The popular consensus in the video game industry is that a game needs a multiplayer component to survive in today’s market. Electronic Arts, Insomnia Games, and many other studios say they’re finished with single player games. For all those game makers ready to give up on the solo game, you’d better take a look at Bethesda first. Following up on 2011’s multi-million selling The Elder Scrolls V: Skyrim, a wholly single player affair, comes 2012’a breakout newcome Dishonored. The steampunk stealth game is doing so well that Bethesda is already talking about making more.
“We clearly have a new franchise,” Bethesda public relations chief Pete Hines told Destructoid.
While Hines didn’t give out a specific sales figure, he did say that Dishonored is holding its own against heavyweights like Halo 4 and Assassin’s Creed III. “I can tell you that Dishonored is far exceeding our sales expectations, which is especially cool considering it’s new IP facing a host of well-established franchises this quarter. We did terrific numbers again this weekend, both in stores and on Steam, where Dishonored was listed as the #1 selling title over the holiday weekend. And Dishonored has really sold well overseas. So we’re very pleased and appreciate all the fans that have supported Dishonored and Arkane.”

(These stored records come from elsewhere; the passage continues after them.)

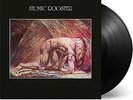 Atomic Rooster - Death Walks Behind You (NEW VINYL LP)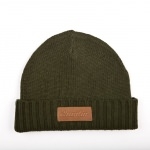 Bonnet QUINTIN Olson
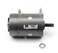WARN 77892 Winch Motor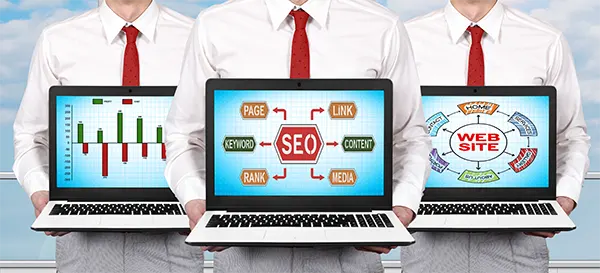 seo trends 2024 to follow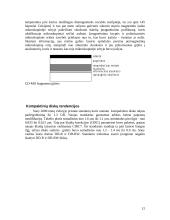 Duomenų laikmenos 12 puslapis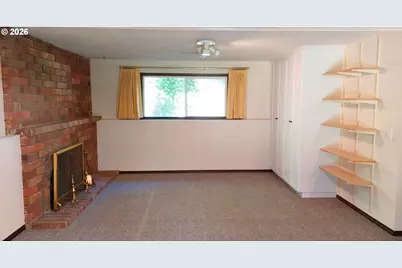 10787 SE 96th Ct, Happy Valley, OR 97086 - Photo 10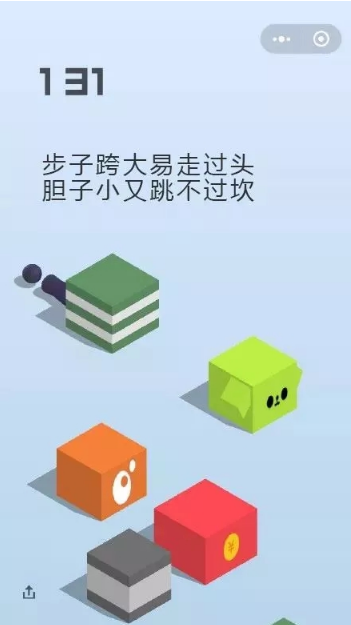 1516780343429242.png QQ图片20180124154932.png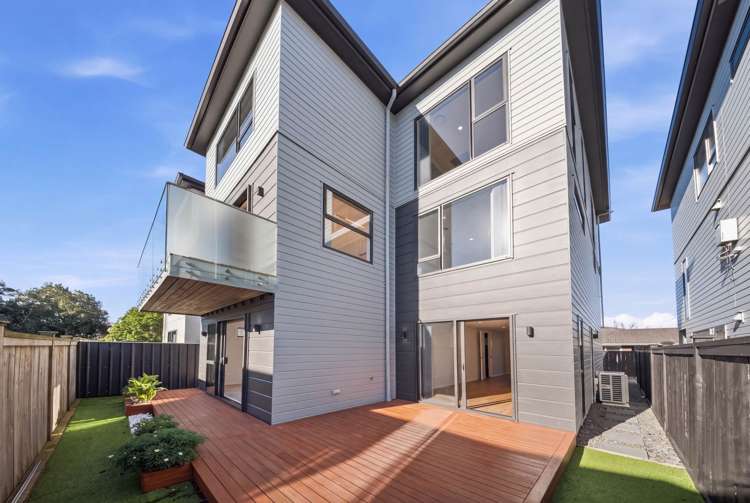 102B Symonds Street Royal Oak_8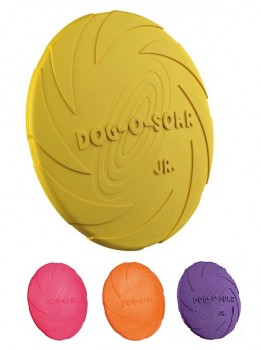 AktivitetslegetjFrisbeeafbldgummi-20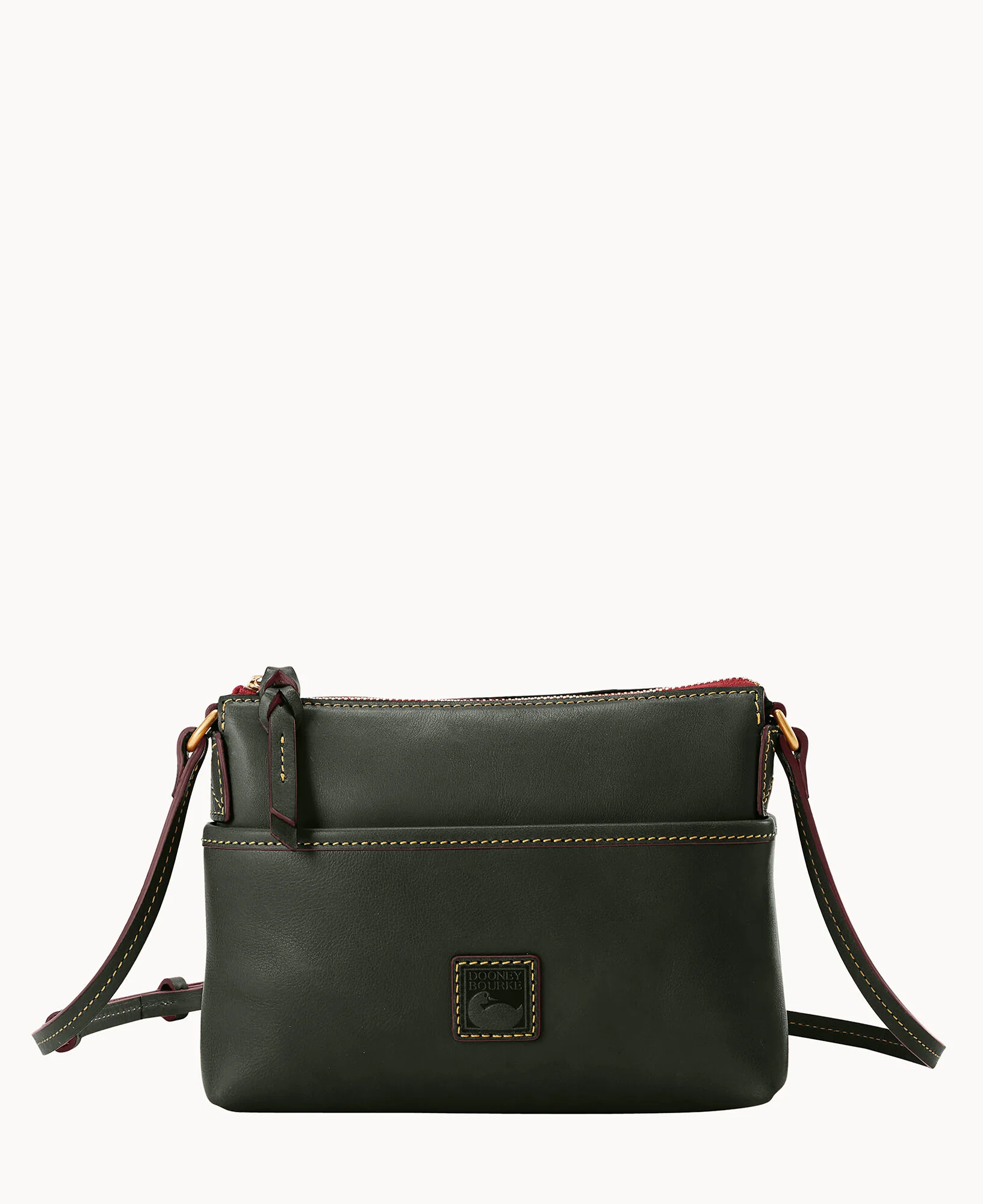 Florentine Katie Crossbody - Image 21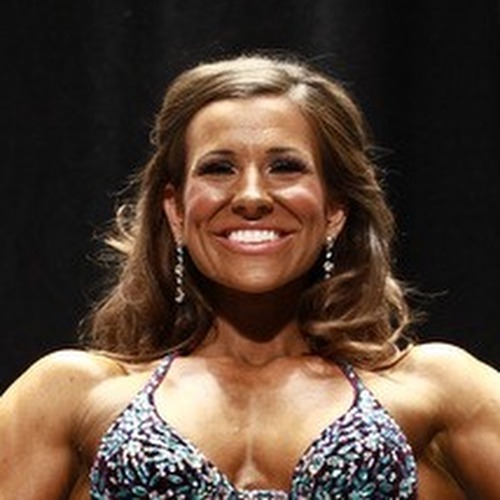 Aubrey Reavis profile photo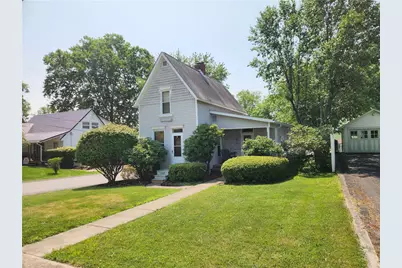 798 Race St, Franklin Township, PA 15370 - Photo 3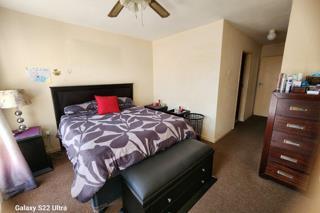 3 Bedroom Property for Sale in Pretoria North Gauteng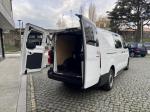 citroen-jumpy-2019-diesel-1997cc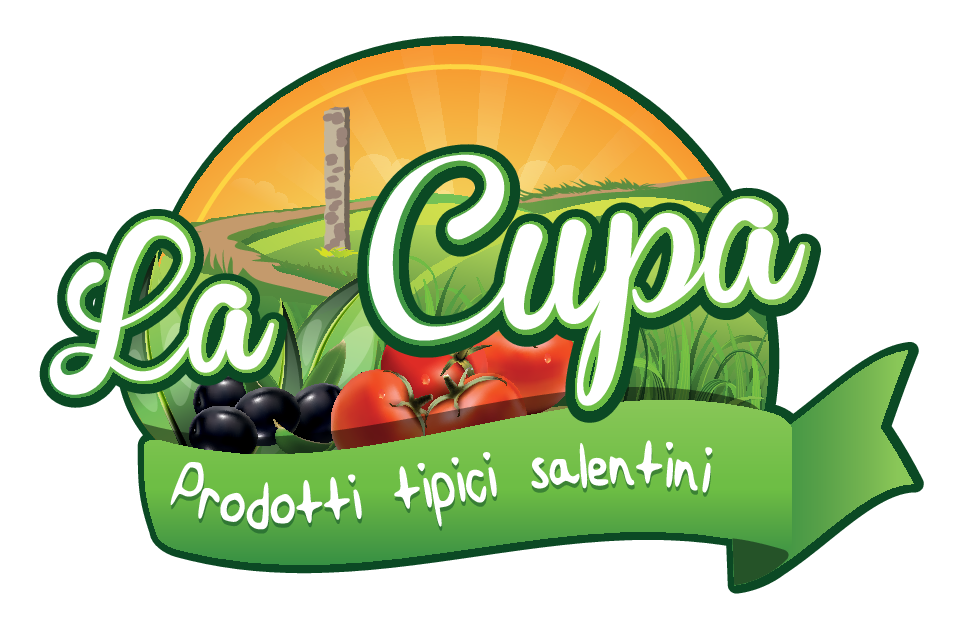 LogoLacupa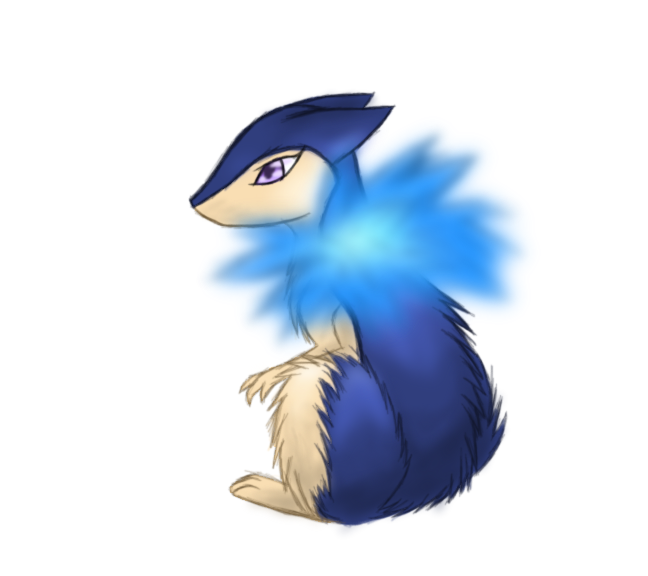 Taronga~.png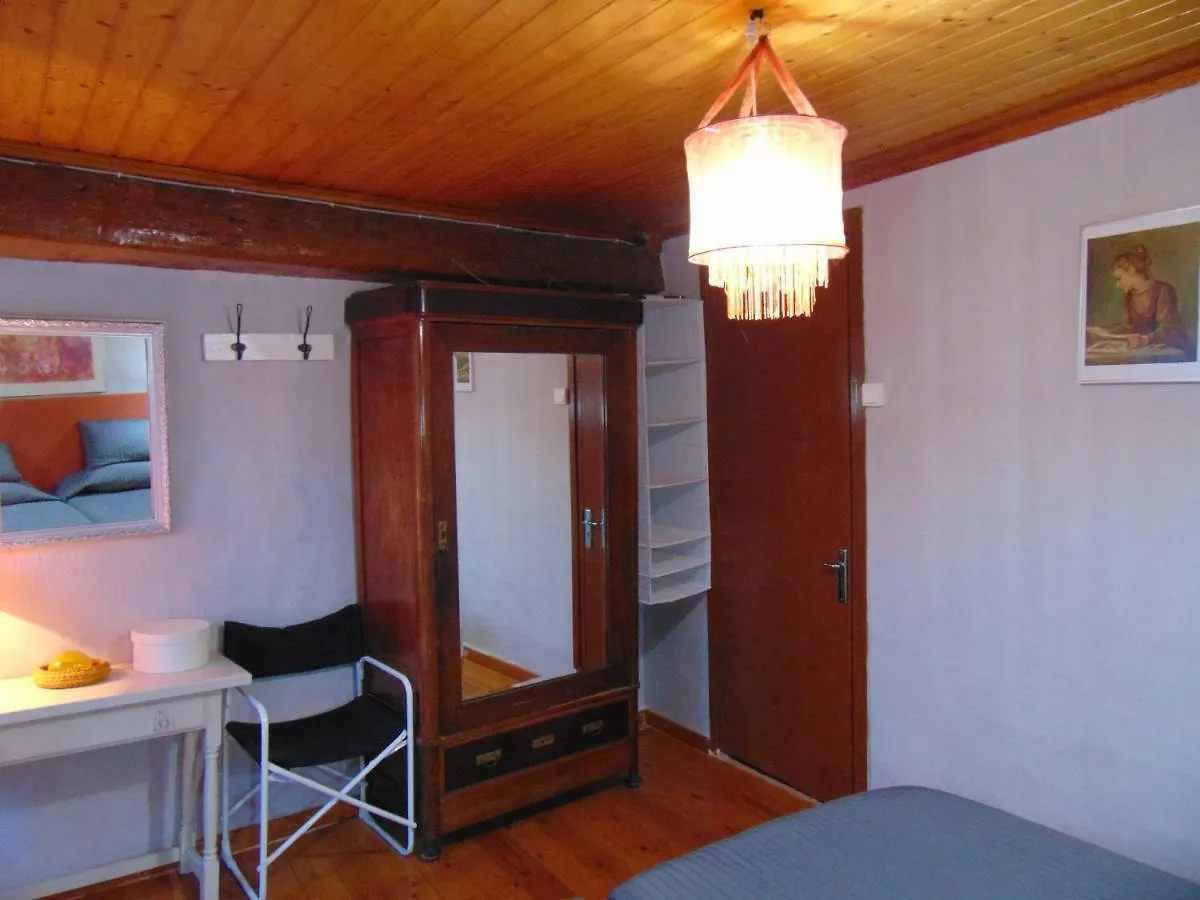 Holiday home Peyre Villa Alas Spain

In terms of sales numbers on the record, NPD Group analyst Liam Callahan said earlier this month that more than 460,000 copies of Dishonored were sold at US retailers in the month of October. With November US retail sales, global sales, and digital sales, Dishonored is shaping up to be a major hit.
It’s not just impressive that a single player-only game like Dishonored has been so successful. Many in the industry believe it’s bad business to start a brand new franchise at the end of a console cycle. The sweet spot for a new IP on a popular gaming console is five years in, when the technology’s still selling, developers know how to best exploit it, and the next round of machine’s are on the way making it easy to bring a new property to the masses. Sony demonstrated this strategy well with God of War on PlayStation 2 in 2005, a period when the system was at its peak and the PlayStation 3 was due out in just one year. Dishonored has proven, though, that a new property can thrive even as the current technology landscape is in decline.